French fortified structure

The Château de Boringe (Latin: Buringium, Buringho), also known as Pont de Boringes or Pont-sur-Arve, is a fortified structure dating from the early 13th century and modified in the second half of that century. It was abandoned around the 17th century and has remained in ruins. Located in the present-day commune of Reignier-Ésery, it served briefly as the center of a seigneury before becoming a châtellenie during the 13th and 14th centuries.

== Location ==
The ruins of the fortified Château de Boringe are located on the left bank of the Arve, on a rocky outcrop. The site forms part of the hamlet of Boringe in the former parish of Saint-Romain, which was merged with the commune of Reignier in 1833.

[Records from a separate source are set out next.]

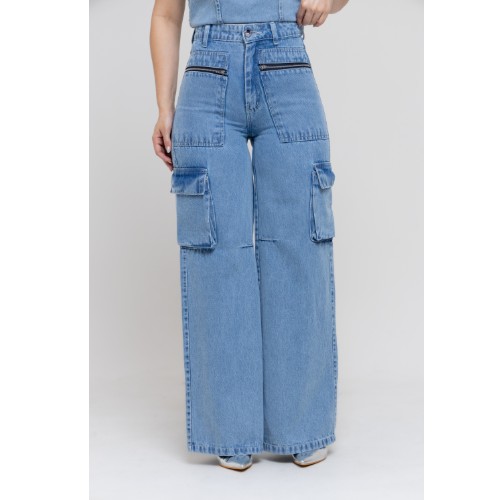 Produto wids-1016-014 1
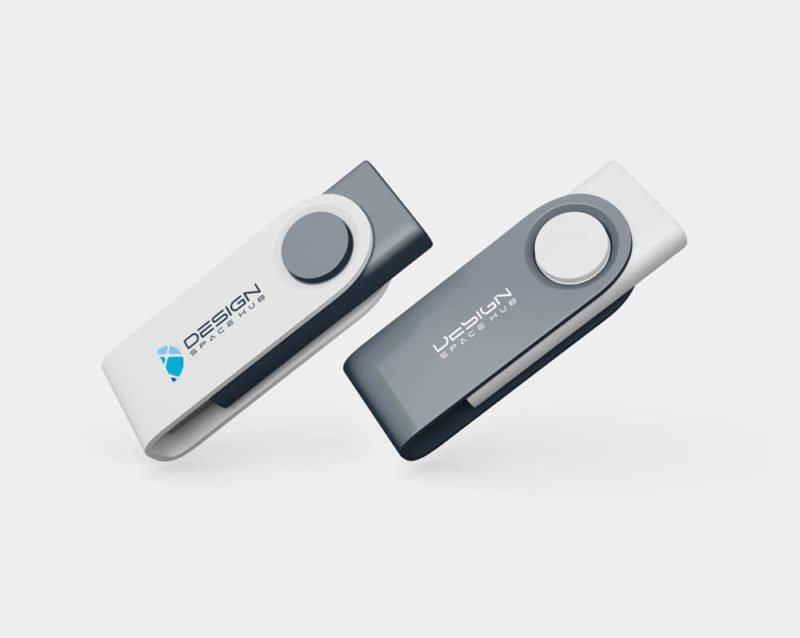 USB Flash Drive
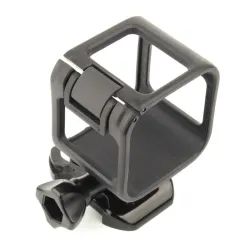 GoPro Hero 4 Session camera - protective cover - frameProtection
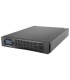 UPS3000VA-ON-2-RACK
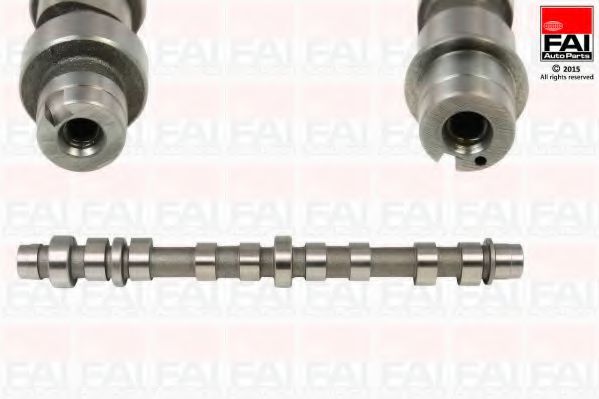 FAI AutoParts C359 Распредвал для OPEL (Опель) FAI AutoParts C359 Распредвал для OPEL (Опель)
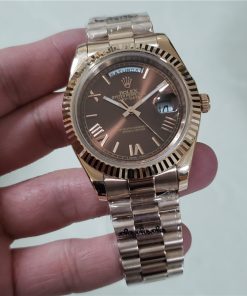 Svizzera Replica Rolex Day-Date | RLX 154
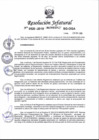 Vista preliminar de documento RJ 0520-2019 Reconocer el crédito devengado de America Movil Perú  - 28 nov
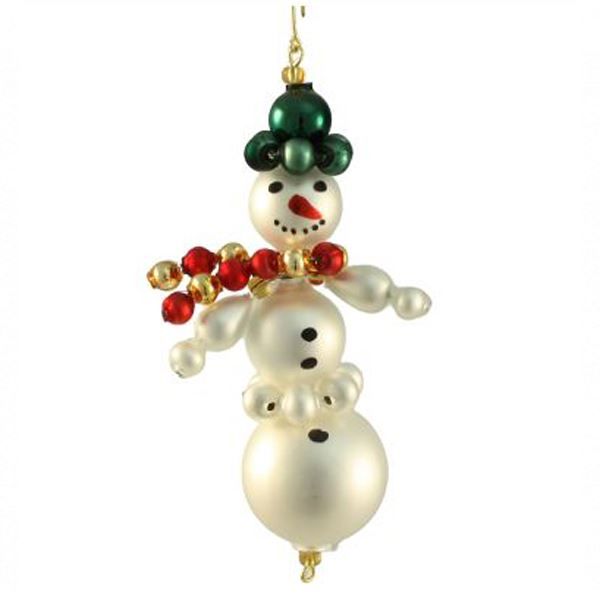 Toutes les décorations: Perlenschmuck- Set – Neuf avec emballage d'origine à Mosnang par Glascom3 1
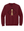 Custom Printed Apparel | Unisex Crewneck Sweatshirt | Ionia Theatre - Ionia Theatre
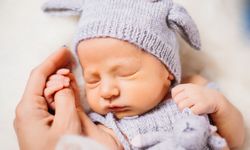 Türkiye'de doğum oranı düşüşte mi?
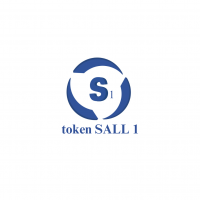 Tokens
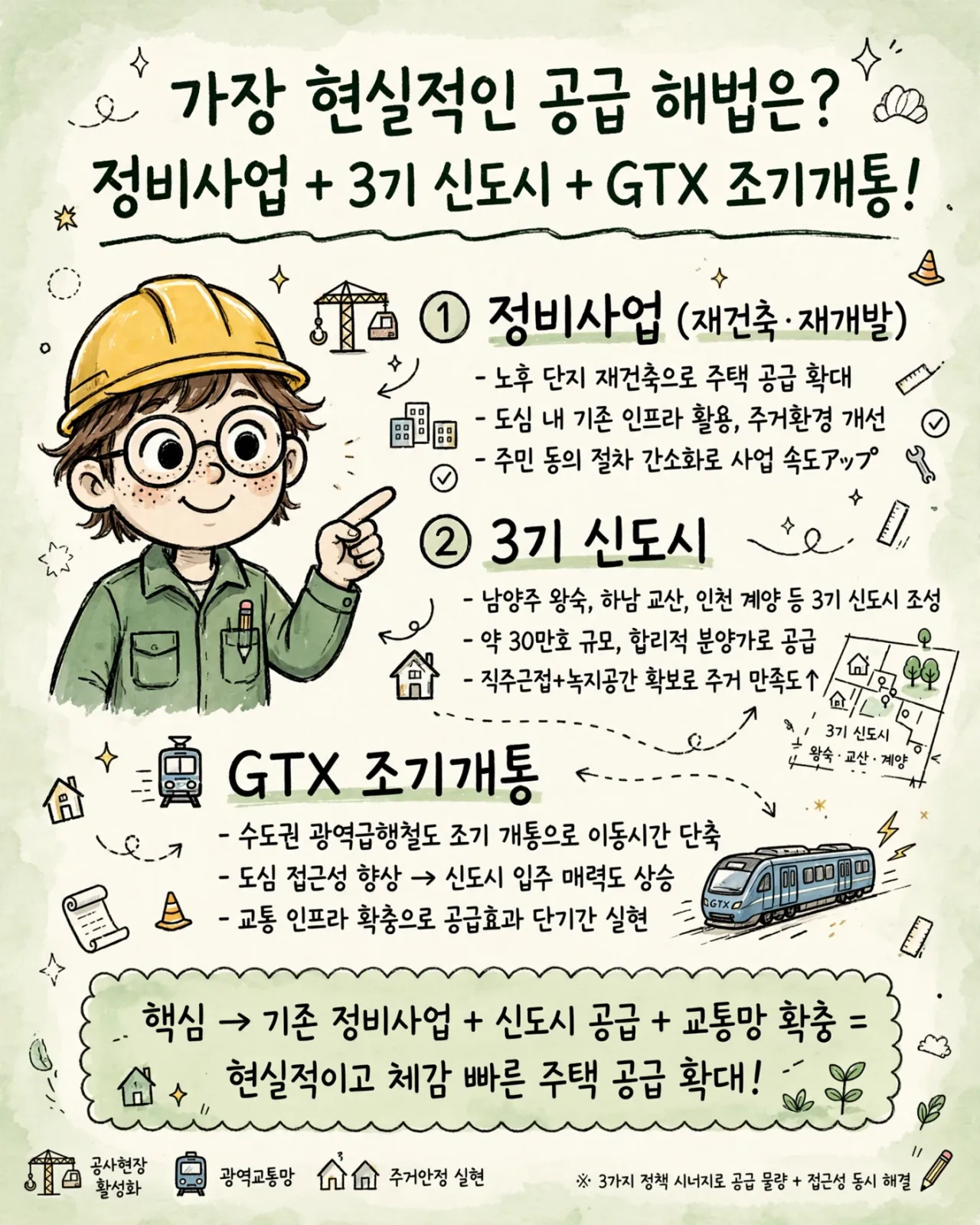 12_housing_supply_infographic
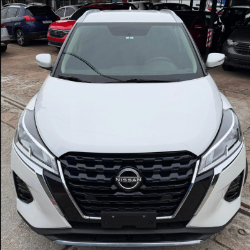 vendo: uy/nissan-kicks-2023-usado-maldonado-7562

The castle oversaw a bridge connecting the hamlet of Boringe on the left bank and the settlement of Boringe(s), in the parish of Nangy, on the right bank. This bridge, frequently used, allowed passage across the Arve along the route between Nangy and La Roche via the châtelet of Crédoz. From Nangy, the route extended toward Bonne and the Chablais. At a regional level, the castle controlled the axis between Geneva, downstream, and Bonneville, upstream. It faced the Château de Pierre, located on a nearby mound or “limestone terrace.”

The castle belonged to a seigneury jointly held by the Counts of Geneva and the Barons of Faucigny. The Counts of Geneva initially exercised authority over most of the territory before the rights were definitively transferred to the Faucigny.

The ruins, described by Louis Blondel as “buried under vegetation, but with a layout that remains clearly identifiable,” are situated on private property at the edge of the industrial zone and along the Saint-Romain road.

== History ==

=== First mention ===
The castle known as Pont-sur-Arve is first recorded in the second half of the 13th century and subsequently appears under the name Boringe (Buringium, Buringho). It is cited in an act dated 7 June 1263, in which Agnes of Faucigny, Baroness of Faucigny and newly Countess of Savoy, indicates that her husband, Count Peter of Savoy, had built and fortified several castles in Faucigny, including Pont-sur-Arve.

=== Life of the castle ===
In 1296, Béatrice of Faucigny granted the castle, referred to as the domus-fortis of Boringe, in fief to the knight Guillaume de Confignon (Cuffignion), who undertook repair work. The property returned to the Grande Dauphine in 1299. On 4 May 1319, Hugues de La Tour du Pin, Baron of Faucigny, granted it to Humbert de Cholay. In 1345, it passed to a half-brother of the lord Nicod de Ferney. The last heiress of the Ferney family, Guillemette, married Thomas de Genève-Lullin, son of Pierre, known as the “Bastard of Geneva” and himself the son of Count William III of Geneva. Their son Guillaume inherited the fief in 1429, and it remained an appanage of the cadet branch of the House of Geneva until the early 17th century.

=== Modern period ===
During the conflict between the Kingdom of France and the Duchy of Savoy, the castle was attacked on 1 January 1591. The French Reformed troops were commanded by the Baron de Sancy.

The Savoyard reinforcements were composed of Spaniards and Albanians. The castle, however, was destroyed by the artillery and French troops. About forty men, led by the Marquis de Lullin and without artillery, defended the site. On 2 January, “after seventy-two cannon shots, the castle surrendered.”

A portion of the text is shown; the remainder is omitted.